Majority Leader Mitch McConnell of Kentucky urged Trump in a letter to scrap a rule to protect small streams and wetlands from development and other regulations that the GOP considers overly burdensome. He also asked Trump to drop a legal defense of the Clean Power Plan, Obama's signature effort to limit carbon pollution from coal-fired power plants.
The plan, the linchpin of Obama's strategy to fight climate change, is on hold awaiting a court ruling.
In a January 4 letter to the president-elect, McConnell said Trump "inspired the American people with your vision of less regulation, free and fair competition, and enhanced job opportunities." McConnell said he personally appreciated Trump's public commitment to "provide relief for coal communities" such as Kentucky, the state that is the third-largest producer of coal in the U.S.
'War on coal'
McConnell's letter decried what he and other Republicans describe as Obama's "war on coal," a series of regulations that the GOP says has made coal more expensive to mine, transport and use for energy production.
U.S. coal production has declined sharply in recent years amid stiff competition from cheap, easy-to-produce natural gas. But McConnell said those who attribute coal's decline simply to low gas prices "are not seeing the full picture," which he said includes costly federal regulations that place an unfair burden on coal.
McConnell called the stream-protection rule "a direct assault on coal-mining operations" that "must be stopped." He pledged to use the rarely invoked Congressional Review Act to overturn the stream rule and asked for Trump's support in that effort.
The review act requires a simple majority of both chambers and the president's signature to make a recently enacted regulation invalid. The Congressional Research Service estimates that rules submitted on or after June 13 are subject to disapproval by Congress. The stream rule was finalized in December.
Clean Power Plan
Separately, McConnell urged Trump to drop legal defense of the Clean Power Plan and the clean-water rule, calling each "an abuse of power" and harmful to coal communities.

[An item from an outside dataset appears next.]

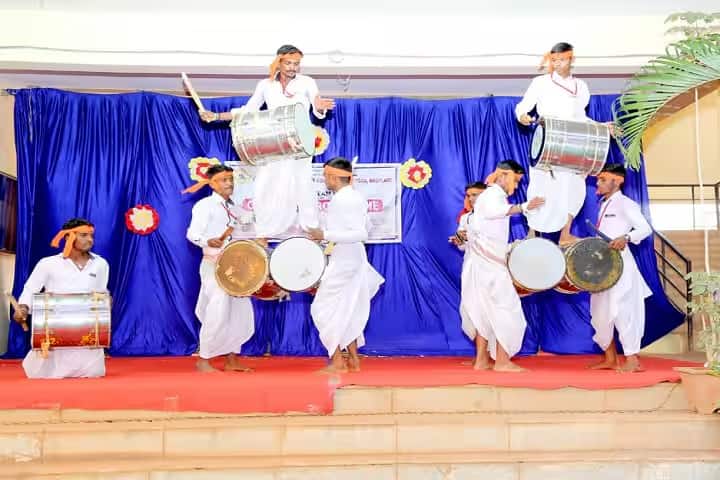 Government First Grade College, Navanagar campus photo 4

McConnell also urged Trump to scrap a separate rule targeting future power plants and to boost technology that captures and stores carbon dioxide, a key contributor to global warming. Carbon-capture technology is considered crucial to development of so-called clean coal, a concept that Trump has supported in the past.

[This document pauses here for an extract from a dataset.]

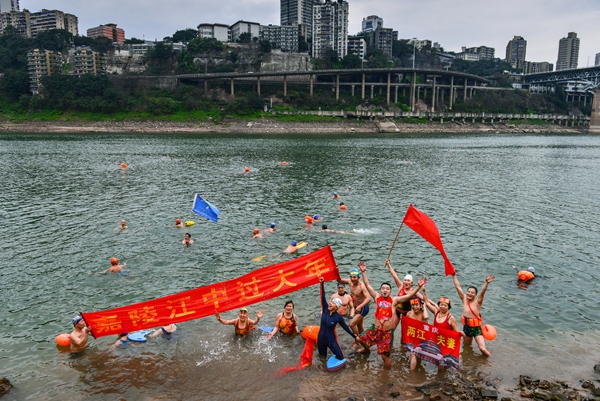 嘉陵江中过大年 王维刚摄 电话13883558198.jpg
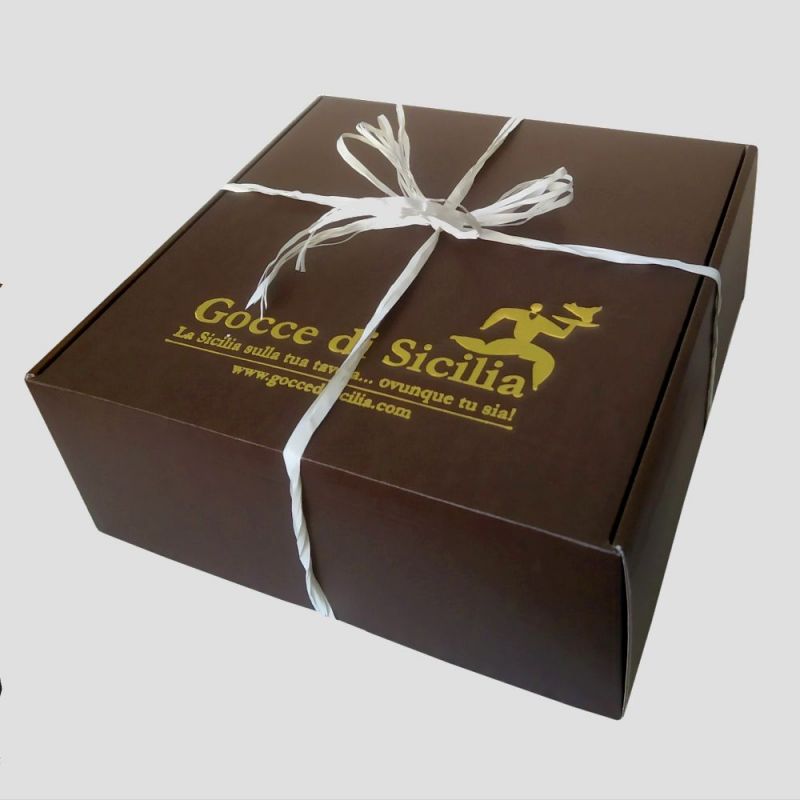 Box with Tuppo - Your Chocolate Brioche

The technology is expensive and unproven, but it has long been a goal of coal producers and their supporters in Congress.

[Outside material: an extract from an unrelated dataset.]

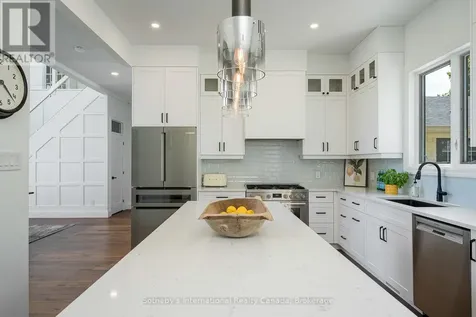 55 St Lawrence Street Collingwood ON L9Y 4Y3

McConnell asked Trump to work with lawmakers to ensure long-term health benefits for retired coal miners, including at least 16,500 who face a loss of benefits at the end of April. Democrats, including Senator Joe Manchin of West Virginia, have made retention of coal benefits a top priority and criticized a four-month extension McConnell and other GOP leaders pushed for in December.
Democrats want to extend health benefits for at least a year and are seeking to ensure hundreds of millions of dollars in pension benefits they say are at risk because of a host of coal-company bankruptcies. McConnell's letter to Trump does not address pension benefits.